Hello everyone,
I apologise in advance if the terminology used in the title is misleading; I am not totally familiar with all object type terms, but I believe what I have posted is at least mostly correct.
I have a script for extracting sequences from a phyDat object (see packages 'ape' and 'phangorn') in R that is based on using subset and and a character string of the column names I wish to retain. See code below:
newalign <- as.phyDat(subset(aligndf, select = seqkeep))
In this case, 'aligndf' is the complete original alignment that has been transformed into a data frame in an earlier part of the script. Here I use 'subset' and 'select' to generate a new alignment object via 'as.phyDat' that consists only of the sequence names contained in the object 'seqkeep'. As an example, the contents of 'seqkeep' looks like the following:
[1] "hominin23" [2] "hominin33" [3] "hominin47"
This procedure works well, and from this I gain exactly what I wanted, which is a new alignment that consists only of the sequences given in 'seqkeep'.
When I try to then write a second alignment that consists only of the sequences not in 'seqkeep', I have encountered a problem.
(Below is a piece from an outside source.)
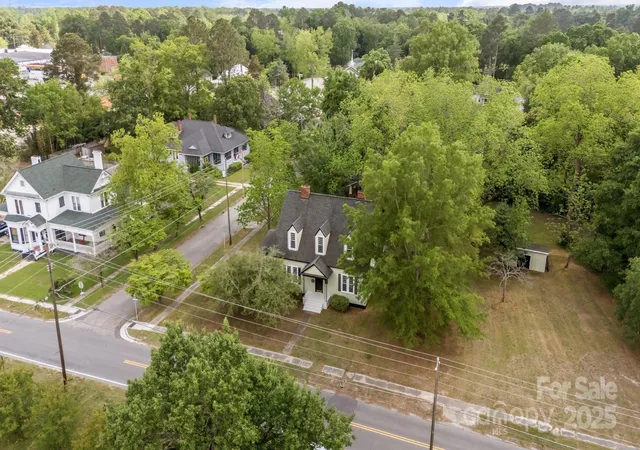 Photo 2 of Single family home for sale at 301 W Central St, Maxton, NC 28364 | MLS# 4327516 | Listing updated on 2026-07-09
No matter what I have tried, the resulting alignment is the complete original alignment that still includes the 'seqkeep' sequences.
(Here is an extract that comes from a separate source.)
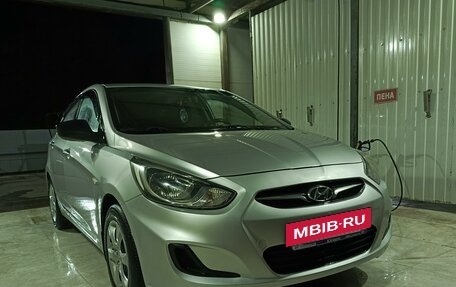 Hyundai Solaris II рестайлинг, 2011 год, 800 000 рублей, 3 фотография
Here are my most recent attempts based on some guides I have seen online:
remainalign <- as.phyDat(subset(aligndf, aligndf =! seqkeep)) remainalign <- as.phyDat(subset(aligndf, !(aligndf == seqkeep)))
Could anyone advise me on how to correctly render this task in R?
Thank you for your help.
?subset
Warning
This is a convenience function intended for use interactively. For programming it is better to use the standard subsetting functions like [, and in particular the non-standard evaluation of argument subset can have unanticipated consequences.